Why Our Microservice Needed a Circuit Breaker (And How We Built It)
It started with a slow database query in a downstream service. Within minutes, every service in our platform was timing out. Thread pools exhausted, memory spiking, users seeing errors everywhere. One slow dependency had cascaded into a complete system failure.
This is the story of that incident, why it happened, and how we built a circuit breaker to prevent it from happening again.
The Cascade That Broke Everything
Here's what our architecture looked like:
User Request → API Gateway → Order Service → Payment Service → Bank API
→ Inventory Service → Database
→ Notification Service → Email Provider
The Bank API started responding slowly (2-3 seconds instead of 200ms). Here's what happened:
- Payment Service threads waited for Bank API
- Order Service requests backed up waiting for Payment Service
- API Gateway connections exhausted waiting for Order Service
- Users started retrying, multiplying the load
- Other services sharing the same infrastructure started failing
All because we didn't have a way to say "this dependency is broken, stop trying."

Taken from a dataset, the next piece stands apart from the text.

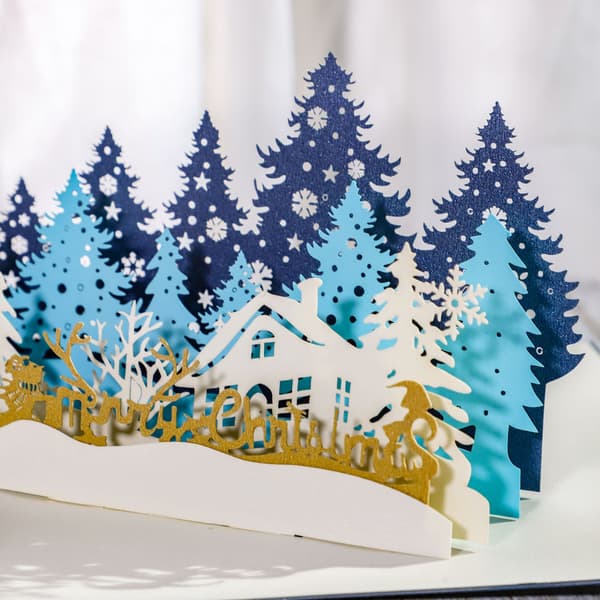 3D julekort, pop-up julekort, tredimensjonalt brettet gratulasjonskort (juleskog)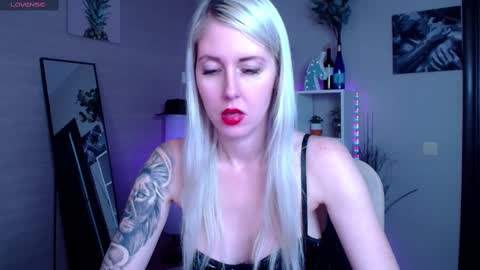 Snapshot of nastasya_cute chatting on 02/19/25, 05:16 Nastya online show from 02/19/25, 05:16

The Naive Retry Approach (Don't Do This)
Our first instinct was retries with timeouts:
func (c *PaymentClient) ProcessPayment(ctx context.Context, req PaymentRequest) (*PaymentResponse, error) {
var lastErr error
for i := 0; i < 3; i++ {
ctx, cancel := context.WithTimeout(ctx, 5*time.Second)
defer cancel()
resp, err := c.httpClient.Post(ctx, "/payments", req)
if err == nil {
return resp, nil
}
lastErr = err
time.Sleep(time.Duration(i+1) * time.Second) // Exponential backoff
}
return nil, lastErr
}
This made things worse. When the Bank API was slow, we were:
- Making 3x the requests
- Holding connections 3x longer
- Adding backoff delays that accumulated
Understanding Circuit Breakers
A circuit breaker has three states:
┌─────────────────────────────────────────────────────┐
│ │
▼ │
┌─────────┐ failures > threshold ┌──────────┐ │
│ CLOSED │ ───────────────────► │ OPEN │ │
│ (normal)│ │ (failing)│ │
└─────────┘ └──────────┘ │
▲ │ │
│ │ after timeout │
│ ▼ │
│ ┌────────────┐ │
│ success │ HALF-OPEN │ │
└──────────────────────────│ (testing) │────────────┘
└────────────┘ failure
- Closed: Normal operation. Track failures.
- Open: Dependency is broken. Fail fast without calling.
- Half-Open: Testing if dependency recovered. Let one request through.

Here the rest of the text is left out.